Campus organizations for years also have provided “Wine, Dine and Act Fine” workshops to teach etiquette for business meals, while university career centers have held sessions on writing resumes and performing well in job interviews. The California Institute of the Arts in Valencia, recognizing its students’ unusual professional needs, offers a course that includes advice on contracts for selling artwork.

“Universities have always been about personal enrichment,” said George Kuh, director of the Center for Postsecondary Research at Indiana University. The rise of life-after-college programs “happens to widen the net a little bit.”

Gardner said schools started focusing more on the needs of seniors in the 1990s, partly with the goal of turning them into loyal alumni and, when they achieve success, into big donors.

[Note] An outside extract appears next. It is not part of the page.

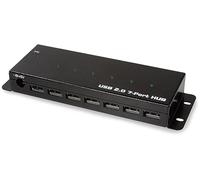 LogiLink UA0318 hub de interfaz USB 2.0 5000 Mbit/s Negro - Concentrador (USB 2.0, USB 2.0, 5000 Mbit/s, Negro, Metal, 5 V)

Santa Clara’s “Life After SCU” program covers issues not found in some other real-world workshops. At a recent session on identity theft, about 30 students munched on pizza and drank beer and soft drinks while listening attentively to a police detective.

Pfahnl, an outgoing senior who already has lined up an after-graduation job, said he enjoyed that session and the others that he has attended. But he regrets that schoolwork caused him to miss cooking 101 and auto shop 101.

Although Pfahnl said he has picked up pointers on cooking by watching his mother at the family’s home in the San Jose area, changing the oil in his car remains a mystery. “I’m one of those pathetic guys,” he said with a laugh.